At her father's memorial service, Gerri tells Lilly she lost her virginity to David, prompting her to see her boss and agree to his advances. They kiss in the tour boat, but then she changes her mind. However, when she confronts David about having sex with Gerri and he does not respond, she lies and tells him she had sex with her boss. The next day, Lilly surprisingly finds her parents cooking in the kitchen as her mother has forgiven her father. David shows up, claiming he didn't sleep with Gerri, and Lilly storms off.

Gerri tells Lilly that David is leaving for Paris, so Lilly finds him, admitting she didn't sleep with her boss. Angry, David warns her not to manipulate other people's feelings but still kisses her goodbye before leaving in a cab. As Lilly walks away, Gerri confronts her furiously, having witnessed the kiss by chance.

Lilly makes amends with her father and he suggests she ask for forgiveness, but she does not take his advice. The morning before leaving for college, Gerri comes over with a photograph David sent her for Lilly, his way of making sure the girls saw each other before she left. Gerri reveals she never actually had sex with David, she asked him to but he told her he was already in love with someone else. The girls make up, taking off their clothes to dance in the sprinklers.

==Cast==

The film deals with female sexuality and friendship in a way we haven't seen before. These girls will be stunning young women in a couple of years, but they've struggled through high school with only each other. Most of us have been there. This is the summer where they finally get to touch real life.
— —Naomi Foner

- Dakota Fanning as Lilly Berger
- Elizabeth Olsen as Gerri Fields
- Boyd Holbrook as David Avery
- Demi Moore as Kate Fields, Gerri's Mother
- Richard Dreyfuss as Danny Fields, Gerri's Father
- Ellen Barkin as Norma Berger, Lilly's Mother
- Clark Gregg as Edward Berger, Lilly's Father
- Kiernan Shipka as Eleanor Berger, Lilly's Sister
- Clare Foley as Phoebe Berger, Lilly's Other Sister
- Peter Sarsgaard as Fitzsimmons, Lilly's Summertime Job Boss
- Owen Campbell as Karl

==Production==
Production company Herrick Entertainment announced on July 20, 2012, that principal photography had begun in New York City. Herrick was producing and financing the project, with Michael London's Groundswell Productions also producing.

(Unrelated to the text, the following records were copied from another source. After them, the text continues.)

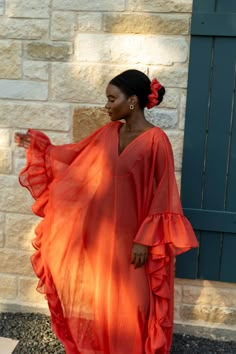 This brick-red kaftan is the epitome of effortless elegance. Let the light fabric flow in the breeze as you stroll the beach. The side slits are comfortable as you walk or lounge, and the bra savers will hold the kaftan in place for all day wear. All kaftans are handmade in small batches in Austin,TX. Sizes and color may slightly vary due to lighting and screen settings. Bubu Gown, Bubu Gown Styles, Gown Styles, African Design Dresses, Design Dresses, African Wear, Modest Fashion Outfits, Abayas Fashion, African Design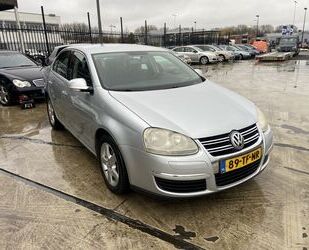 VW Volkswagen Jetta 2.0 FSI Comfortline Gebrauchtwagen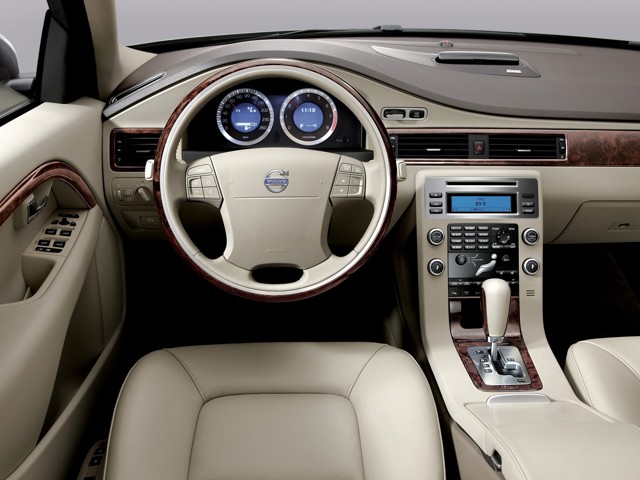 Volvo S80 photo 144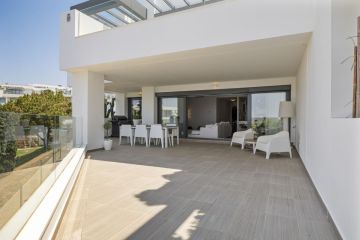 https://cdn.resales-online.com/public/su2jrcdvgq/properties/7ac4d196574411f0ac7202a3ded47a2d/w1200/6-241328e1bcc9c0d8ce1222beb6c967a8.jpg?v=1751465423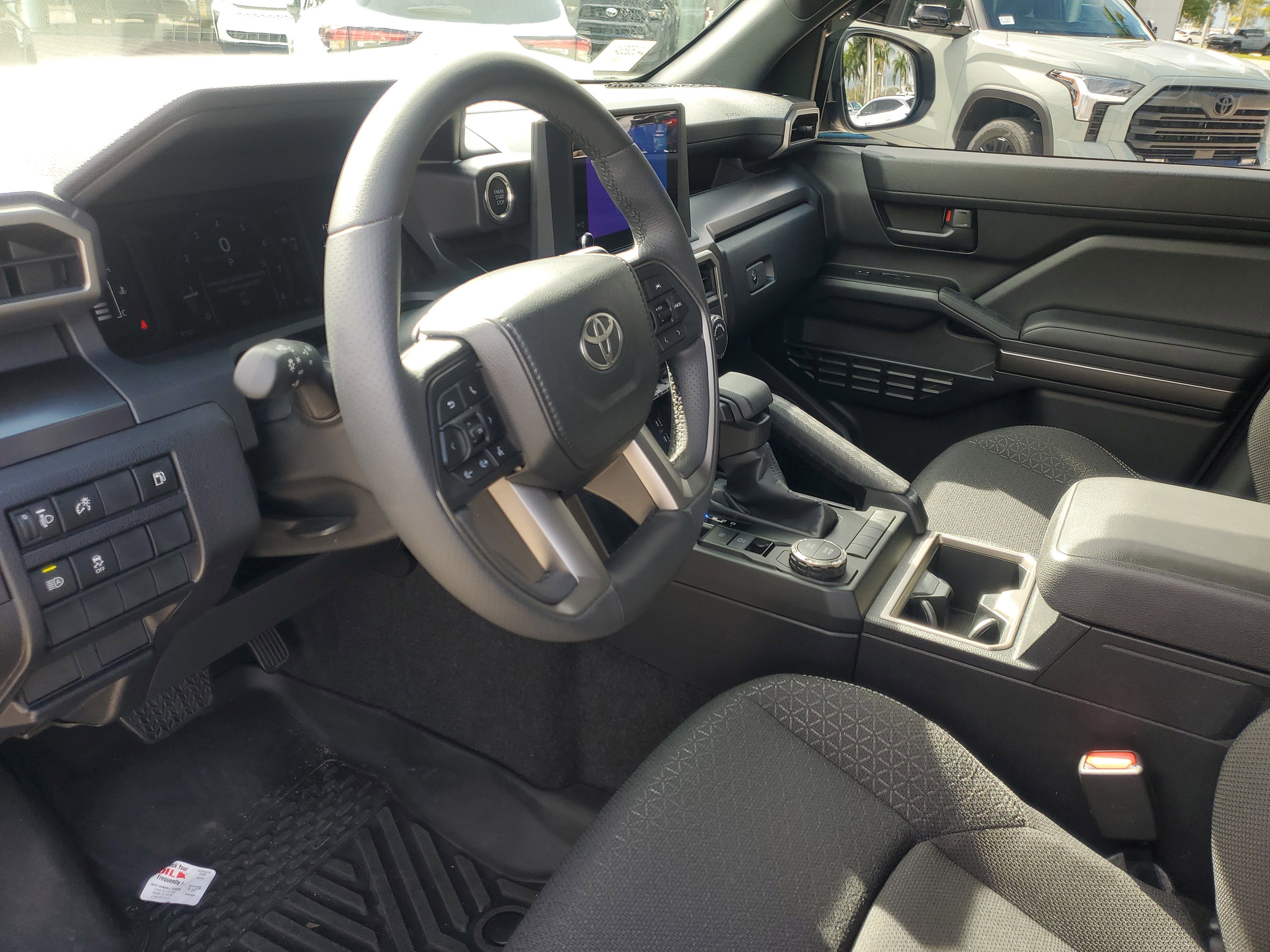 Used 2025 Toyota 4Runner SR5 image 16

Shooting locations included Ditmas Park, Brooklyn.

Cast-member Peter Sarsgaard is the son-in-law of writer-director Naomi Foner, who is the mother of his wife, Maggie Gyllenhaal.

In January 2012, Anton Yelchin was in final negotiations to play a role in the film, but he dropped out due to scheduling conflicts and was replaced with Boyd Holbrook.

==Release==
The film was released on June 6, 2014 through iTunes, Amazon Video, Vudu, and VOD. The film started a limited theatrical release in the United States on July 25, 2014.

==Reception==
The film received negative reviews from critics. Metacritic, which uses a weighted average, assigned the film a score of 35 out of 100, based on 11 critics, indicating "generally unfavorable" reviews. David Rooney of The Hollywood Reporter described the film as "a limp directing debut" for Foner, claiming the film's outdated "counter-culture" sensibilities made it appear "frozen in time". Rooney also found the characters unconvincing and criticized the "artificiality" of the love interest who asks the lead character to "read a couple of lines of Sylvia Plath before their first kiss". Variety criticized the "vapid and clichéd" screenplay, while Susan Wloszczyna of RogerEbert.com compared the film negatively to 1980's Little Darlings, which shares a plot element with Very Good Girls.

Bilge Ebiri of Vulture did not find the film's love triangle to be plausible, but stated, "In these and other works, [Naomi] Foner displayed a real feel for the various undercurrents that rage within families, both happy and broken ones. She understands how irritation can transform into profound need at a moment's notice, as well as how happiness can quickly turn rotten. Very Good Girls is full of memorable, subtle touches that come through whenever Foner seems to be working to her strengths." He concluded that "what's actually happening onscreen often feels a lot less interesting than what's clearly boiling beneath the film's surface."